This Japanese restaurant blind tasted 12 types of salmon, then bet everything on the result

by
Editorial Staff

A specialist salmon-only restaurant opened outside Shin-Yokohama station earlier this year, now they are planning to open a second location. 

A salmon-only izakaya has opened in one of Greater Tokyo’s highest-traffic rail nodes, betting that Shin-Yokohama’s mix of Shinkansen passengers, commuters and surrounding office demand can support a single-brand concept.

The restaurant, Suisan Sakaba Salmon-bu Shin-Yokohama Ekimae, opened on 8 September in the entertainment district outside JR Shin-Yokohama Station, a stop on the Tokaido Shinkansen and a key interchange for local and regional lines. The operator says the site has delivered steady footfall over its first three months.

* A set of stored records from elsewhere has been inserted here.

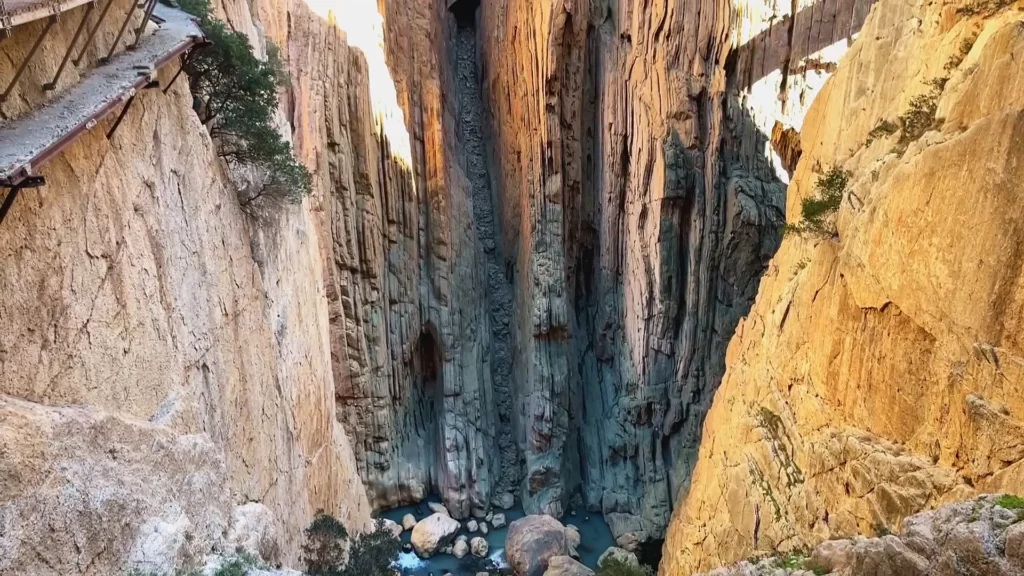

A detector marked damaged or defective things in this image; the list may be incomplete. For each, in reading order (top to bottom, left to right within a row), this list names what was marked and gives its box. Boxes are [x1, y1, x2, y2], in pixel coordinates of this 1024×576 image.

rusty metal bracket [0, 15, 57, 102]
rusty metal bracket [43, 2, 94, 89]
rusty metal bracket [74, 0, 116, 65]
rusty metal bracket [99, 0, 137, 62]
rusty metal bracket [126, 0, 154, 49]
rusty metal bracket [0, 175, 45, 226]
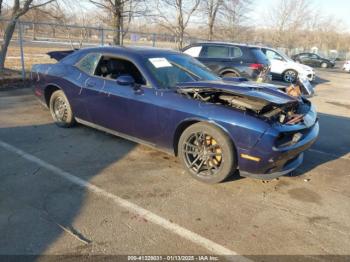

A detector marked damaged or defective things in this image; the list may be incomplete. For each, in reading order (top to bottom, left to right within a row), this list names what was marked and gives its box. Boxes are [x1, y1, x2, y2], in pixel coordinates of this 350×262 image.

crumpled hood [176, 80, 300, 105]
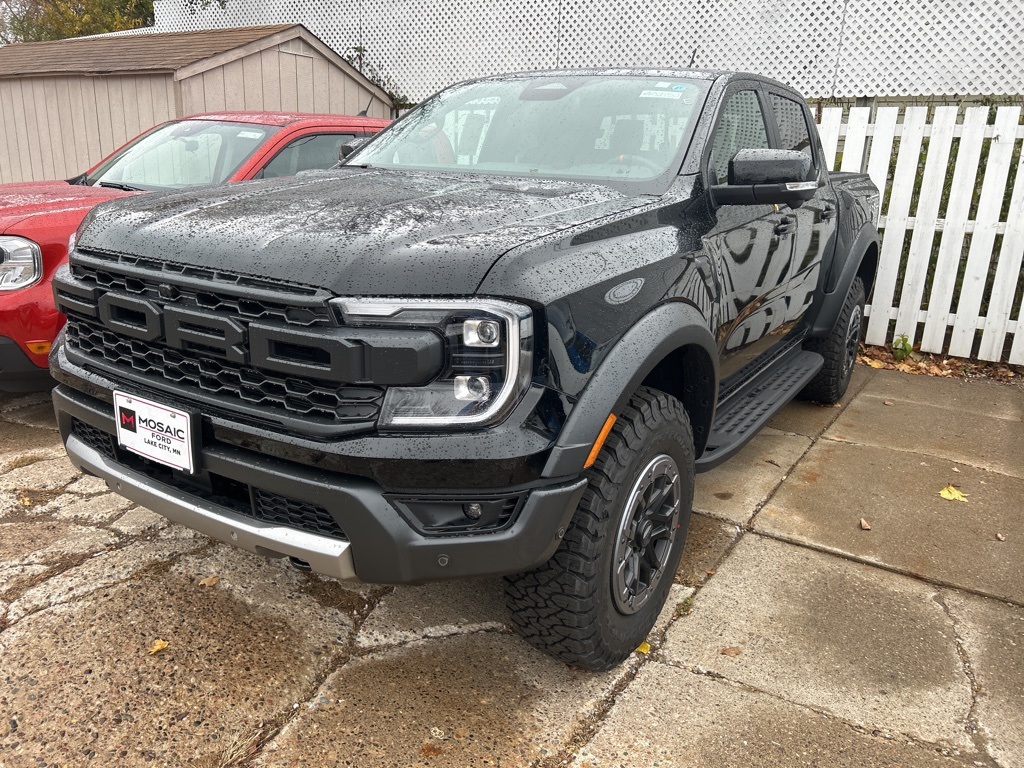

The venue is run by Wakachiku, a restaurant group that operates 15 outlets across Kanagawa Prefecture and Tokyo. President Masahide Taguchi said the company’s decision to expand in Shin-Yokohama followed the launch of a tuna-focused sister concept in October 2024, which he said had become established. He then decided to develop a specialist salmon format.

Rather than building the menu around multiple origins, Wakachiku narrowed its procurement to a single farmed trout brand, “Aomori Salmon”. Taguchi said the company tested 12 salmon and trout products from Japan and overseas in a blind tasting, with 22 employees voting. Staff selected Aomori Salmon unanimously, citing fish size, firm flesh and strong fat content, alongside perceived sweetness and umami.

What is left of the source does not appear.